Fue trasladado a una residencia de marineros en la localidad irlandesa de Belfast, en la que pasó sus últimos años bajo el cuidado de veteranos navales hasta su muerte en 1955.
Hoy, su retrato —que se titula Oscar, el gato del Bismarck, obra de Georgina Shaw Baker— se conserva en el Museo Marítimo Nacional de Greenwich, perpetuando de esta forma la memoria del que tal vez fue el marinero más afortunado de la guerra.
A pesar de su popularidad, los historiadores han puesto en duda la autenticidad de la historia ya que no existen oficiales que documenten la presencia de un gato en los barcos mencionados, lo cual no quiere decir que no sea real.
La posibilidad de que un mismo animal haya sobrevivido tres naufragios consecutivos en condiciones extremas si parece improbable.
Perola ausencia de pruebas no ha impedido que su figura sea muy destacada y la historia de Oscar reúne todos los elementos de una buena leyenda como es la tragedia, supervivencia y un héroe inesperado.
En tiempos de guerra, narraciones como esta servían para potenciar la moral de las tripulaciones, proporcionando un toque de esperanza entre la incertidumbre del combate naval.

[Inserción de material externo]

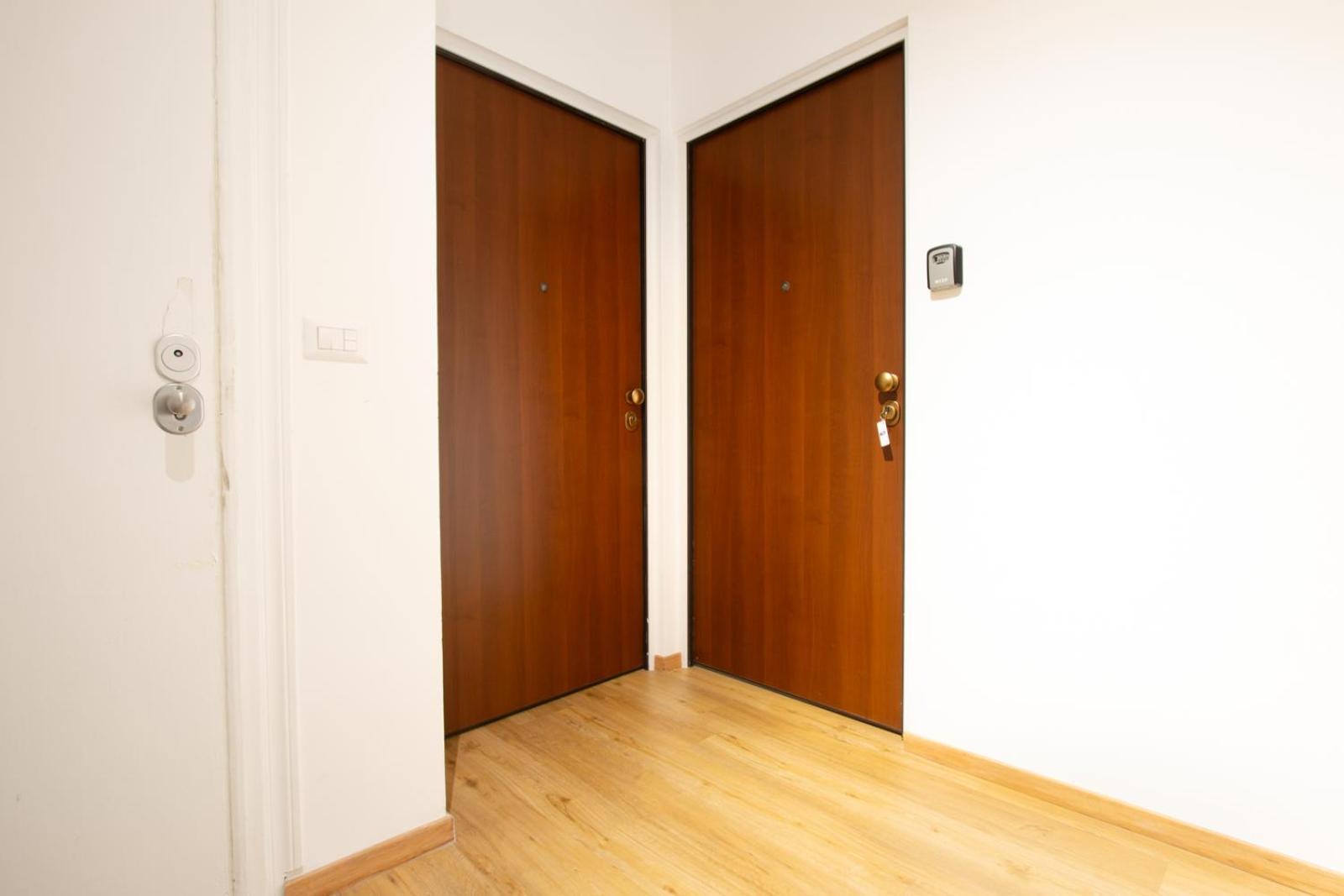 Cozy Vatican Appartement *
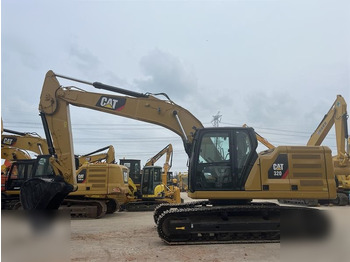 Lintekskavaator CATERPILLAR 320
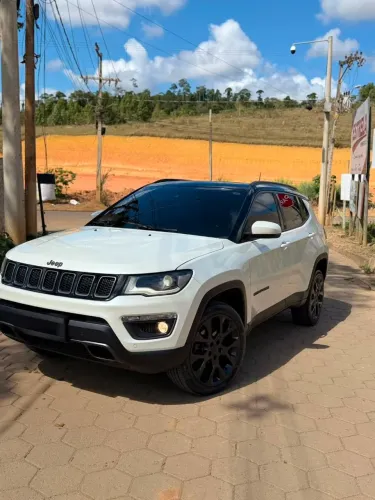 Jeep Compass S 2.0 4X4 TB 16V Diesel Aut. 2021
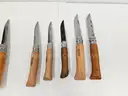 Lot of Opinel Knives (Approx 23)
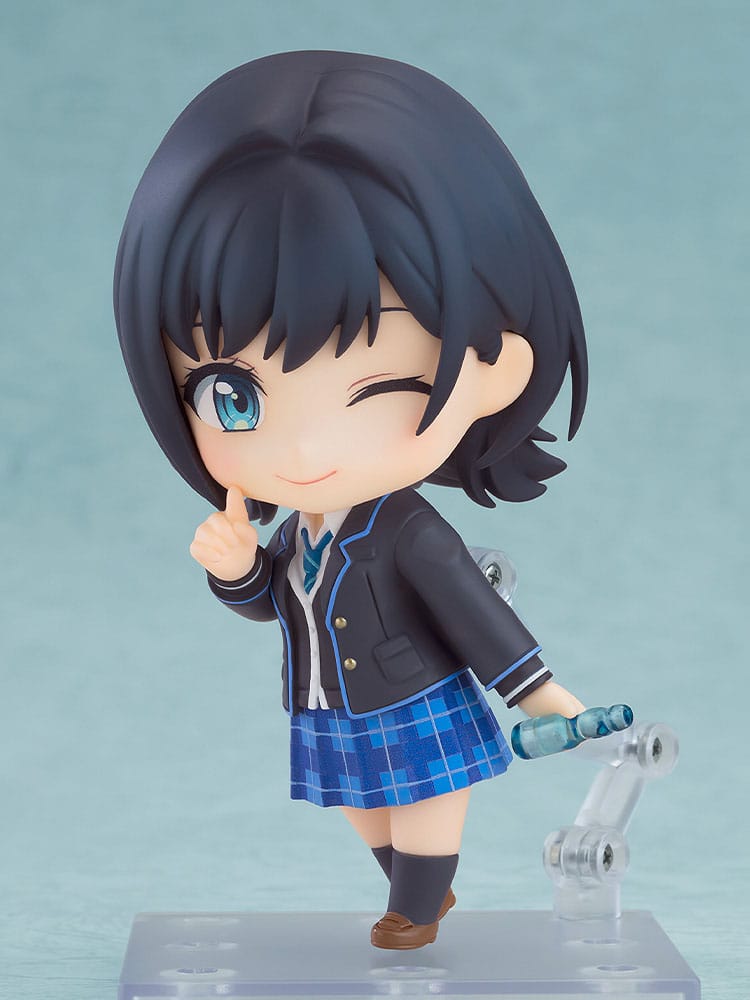 Chitose Is in the Ramune Bottle Nendoroid Action Figure Yuzuki Nanase 10 cm - MangaShop.ro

Los gatos del mar: compañeros y talismanes
Desde hace siglos, los gatos han sido presencia habitual en los barcos. Más allá de su valor como un símbolo cumplían una función práctica: mantener bajo control las plagas de ratones que amenazaban los víveres y los equipos.
En los buques de guerra, igualmente, se convirtieron en símbolos de buena suerte, una superstición muy extendida entre los marineros británicos y europeos.
En ese contexto, la figura de Oscar, aquel bonito gato, encarna el vínculo emocional entre los marinos y sus animales. Su historia, repetida en libros, exposiciones y artículos, representa la lucha ante la adversidad y el deseo humano de encontrar significado incluso en lo imposible.
Más allá de los archivos y los registros, el “gato insumergible” sigue "flotando" en la memoria y el recuerdo como una llamada de atención que incluso en los mares más turbulentos de la historia, la esperanza siempre encuentra la manera de mantenerse a flote.